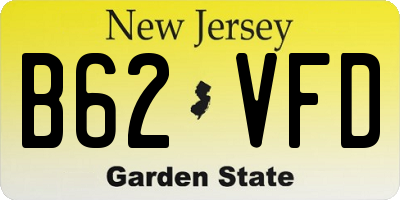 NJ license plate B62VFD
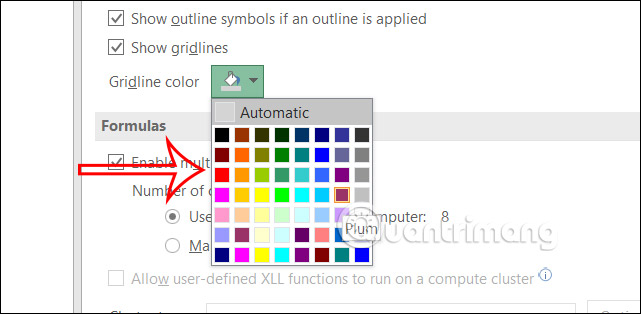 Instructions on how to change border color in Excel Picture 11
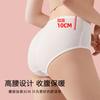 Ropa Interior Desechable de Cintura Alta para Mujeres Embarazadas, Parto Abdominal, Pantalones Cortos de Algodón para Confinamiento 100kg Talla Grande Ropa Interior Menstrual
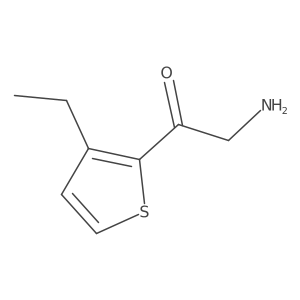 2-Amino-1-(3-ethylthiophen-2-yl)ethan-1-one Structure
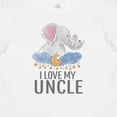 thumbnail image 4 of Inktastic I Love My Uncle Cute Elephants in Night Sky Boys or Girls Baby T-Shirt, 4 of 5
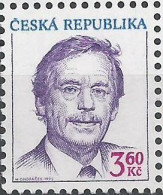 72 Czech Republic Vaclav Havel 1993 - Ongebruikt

━━━━━━━━━━━━━━━━━━━━━━━━━━━━━━

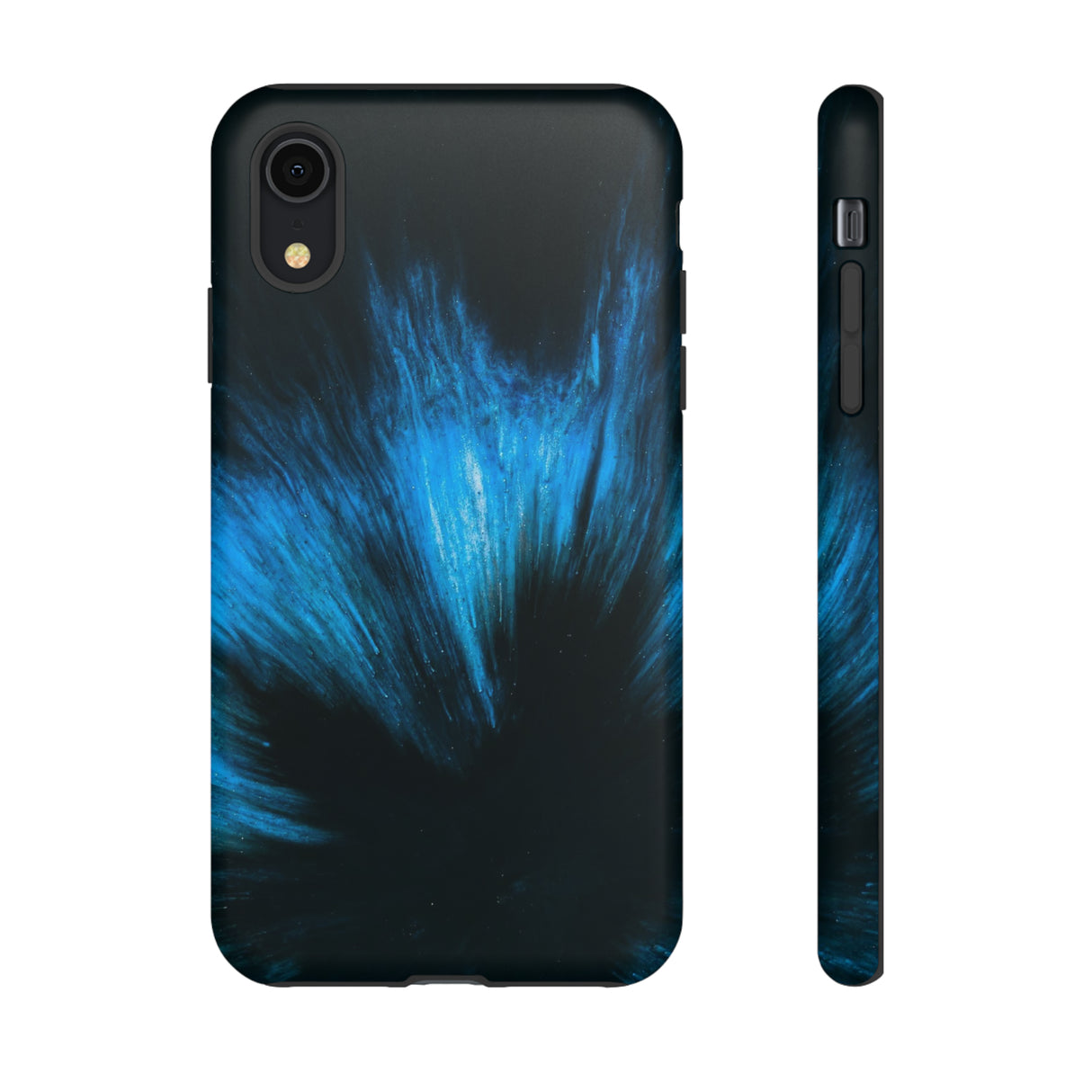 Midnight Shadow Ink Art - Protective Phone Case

━━━━━━━━━━━━━━━━━━━━━━━━━━━━━━

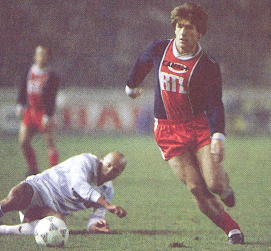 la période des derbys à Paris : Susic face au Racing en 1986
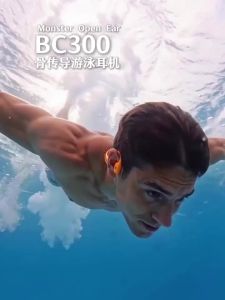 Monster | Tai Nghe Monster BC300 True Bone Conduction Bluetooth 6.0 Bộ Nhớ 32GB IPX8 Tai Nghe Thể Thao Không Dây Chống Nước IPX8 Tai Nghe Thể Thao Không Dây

━━━━━━━━━━━━━━━━━━━━━━━━━━━━━━

ACTION ITEM = In the listing above, find the line with "Ropa Interior Desechable" and the line with "72 Czech Republic". Output both, plus every line between them, and no pictures.

COMPLETED TASK =
 Ropa Interior Desechable de Cintura Alta para Mujeres Embarazadas, Parto Abdominal, Pantalones Cortos de Algodón para Confinamiento 100kg Talla Grande Ropa Interior Menstrual
 2-Amino-1-(3-ethylthiophen-2-yl)ethan-1-one Structure
 thumbnail image 4 of Inktastic I Love My Uncle Cute Elephants in Night Sky Boys or Girls Baby T-Shirt, 4 of 5
 72 Czech Republic Vaclav Havel 1993 - Ongebruikt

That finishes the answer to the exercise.